At the time, shifting focus from the tangible to the experiences money cannot buy was bold and contrarian for the category. And we were tapping into something so subtle, no quantitative measures could reflect then. In the end, marketing wisdom prevailed. Mastercard went with its gut and chose “Priceless.”
When I came onboard four years ago, “Priceless” was still a strong campaign. However, the world has completely transformed since the time it was created. With digital technologies and social media, there are so many more ways to not only reach people, but, even more importantly, to engage, enable and inspire them to action. With this unprecedented opportunity, we decided to transform this now iconic advertising campaign into a more comprehensive marketing platform—one that went beyond celebrating moments to creating experiences. And so we began to move “Priceless” into people’s lives.
The impact has been profound, and our brand metrics continue to strengthen. When I look at this two-decade campaign, I see many lessons that can be learned, but here are my top five takeaways:
Find your truth
The most compelling reason “Priceless” has endured so long is that it is tapping into a universal human truth: experiences matter more than things. This truth, in spite of tectonic changes in the consumer landscape, remains equally relevant today. Once you find your truth, the key is to adapt the manifestation appropriately to the current environment. With “Priceless,” we did not change our guiding truth. Rather, we evolved our execution, and started to enable real-life experiences for people. We refer to this as our transformation from storytelling to storymaking.
Understand your brand purpose
Our brand promise is to connect people to priceless possibilities. People don’t wake up thinking about making a payment transaction, but they do get excited about going to a concert, buying the perfect holiday dress or going to dinner with family and friends. Our role in marketing is to be a force multiplier for our business and demonstrate how Mastercard can help make life experiences even more special. This has to be done in a consistent and authentic way. We do this by organizing our efforts around consumer passions including sports, music, travel and social good. This focused approach allows us to show up in areas that are important to people in a connected, authentic way.

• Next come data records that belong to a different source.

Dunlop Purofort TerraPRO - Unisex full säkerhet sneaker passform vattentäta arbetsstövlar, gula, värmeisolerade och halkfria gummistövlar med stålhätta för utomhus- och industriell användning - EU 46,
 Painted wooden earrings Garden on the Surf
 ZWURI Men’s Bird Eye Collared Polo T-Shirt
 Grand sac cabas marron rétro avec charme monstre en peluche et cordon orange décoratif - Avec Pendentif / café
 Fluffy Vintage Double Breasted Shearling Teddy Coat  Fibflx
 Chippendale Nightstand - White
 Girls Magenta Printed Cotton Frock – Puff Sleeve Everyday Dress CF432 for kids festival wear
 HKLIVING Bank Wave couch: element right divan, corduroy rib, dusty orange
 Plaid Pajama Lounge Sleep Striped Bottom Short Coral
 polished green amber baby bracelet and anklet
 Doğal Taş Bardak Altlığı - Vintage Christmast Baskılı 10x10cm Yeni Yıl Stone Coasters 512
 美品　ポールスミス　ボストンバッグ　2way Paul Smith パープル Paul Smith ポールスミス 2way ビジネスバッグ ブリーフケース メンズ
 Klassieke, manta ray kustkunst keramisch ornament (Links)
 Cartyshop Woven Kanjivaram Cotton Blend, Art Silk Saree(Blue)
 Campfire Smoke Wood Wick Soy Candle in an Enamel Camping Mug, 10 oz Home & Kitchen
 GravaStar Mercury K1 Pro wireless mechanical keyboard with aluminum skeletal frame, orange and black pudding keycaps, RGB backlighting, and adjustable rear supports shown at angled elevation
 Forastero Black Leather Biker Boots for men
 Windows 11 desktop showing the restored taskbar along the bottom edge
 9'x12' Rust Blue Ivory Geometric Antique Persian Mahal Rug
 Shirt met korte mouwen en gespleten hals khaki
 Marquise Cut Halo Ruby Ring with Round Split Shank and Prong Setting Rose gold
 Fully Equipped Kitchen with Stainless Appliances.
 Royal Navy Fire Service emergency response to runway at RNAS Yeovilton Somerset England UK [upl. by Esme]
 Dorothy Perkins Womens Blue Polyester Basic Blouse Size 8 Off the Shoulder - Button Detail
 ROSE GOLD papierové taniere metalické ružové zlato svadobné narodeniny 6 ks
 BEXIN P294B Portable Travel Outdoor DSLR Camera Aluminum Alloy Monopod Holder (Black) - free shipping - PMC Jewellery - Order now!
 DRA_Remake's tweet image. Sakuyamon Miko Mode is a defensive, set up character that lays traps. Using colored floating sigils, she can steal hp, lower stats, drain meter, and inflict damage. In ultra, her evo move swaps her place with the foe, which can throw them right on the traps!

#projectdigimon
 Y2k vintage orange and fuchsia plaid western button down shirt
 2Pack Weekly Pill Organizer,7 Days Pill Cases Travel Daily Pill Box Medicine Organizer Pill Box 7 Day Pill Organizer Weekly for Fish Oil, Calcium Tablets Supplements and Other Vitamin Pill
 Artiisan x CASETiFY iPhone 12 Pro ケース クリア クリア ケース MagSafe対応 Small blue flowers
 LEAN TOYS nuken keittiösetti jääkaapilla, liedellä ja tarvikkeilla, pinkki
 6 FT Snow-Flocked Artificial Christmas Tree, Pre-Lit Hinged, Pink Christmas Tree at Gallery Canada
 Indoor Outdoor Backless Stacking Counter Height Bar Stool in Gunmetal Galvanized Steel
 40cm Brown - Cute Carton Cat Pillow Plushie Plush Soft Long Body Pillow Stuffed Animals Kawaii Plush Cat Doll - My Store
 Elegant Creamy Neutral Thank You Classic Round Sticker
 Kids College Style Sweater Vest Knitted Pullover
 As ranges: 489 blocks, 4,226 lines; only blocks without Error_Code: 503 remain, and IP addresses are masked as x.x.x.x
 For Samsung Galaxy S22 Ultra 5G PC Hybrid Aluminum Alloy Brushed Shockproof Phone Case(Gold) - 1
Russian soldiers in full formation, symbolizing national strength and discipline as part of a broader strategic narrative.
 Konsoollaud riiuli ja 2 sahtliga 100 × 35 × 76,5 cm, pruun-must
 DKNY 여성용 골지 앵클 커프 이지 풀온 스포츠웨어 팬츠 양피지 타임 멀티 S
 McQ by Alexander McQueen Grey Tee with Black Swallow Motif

Appreciate the value in legacy
Many times marketers may get bored with their campaigns. But they shouldn’t be in a hurry to change. A campaign needs to sink into the hearts and minds of consumers to really endure. We used to have 168 marketing programs and spent money across all of them, but we recognized that our efforts would be more powerful by connecting them through a compelling set of pillars: Priceless Cities, Priceless Surprises, Priceless Causes and Priceless Specials. Today “Priceless” has run in 54 languages in 113 countries. Honing our focus has helped ensure the platform’s longevity and success.
Listen to the consumer
Ad blockers and ad-free subscriptions have totally changed the game for marketers. More than 600 million devices now have preinstalled ad-blocks. Netflix has over 100 million subscribers. Consumers are clearly telling marketers they want uninterrupted experiences and view advertisements as an annoyance. They are telling us with their actions by actively installing ad blockers and even paying for ad-free content. Therefore, we must find additional ways to break through. For us, it’s delivering and enabling experiences through “Priceless” platforms, and now consumers are becoming our brand ambassadors by sharing their stories and moments over social media.
Align marketing KPIs to business objectives
There are marketing KPIs and there are business metrics. The two cannot be mutually exclusive. Marketers need to clearly connect the dots and demonstrate how campaigns are contributing to business success. By consistently demonstrating this value, we’ve been able to secure continued investment, enabling the “Priceless” platform to continue year after year. I can’t wait to start the next 20.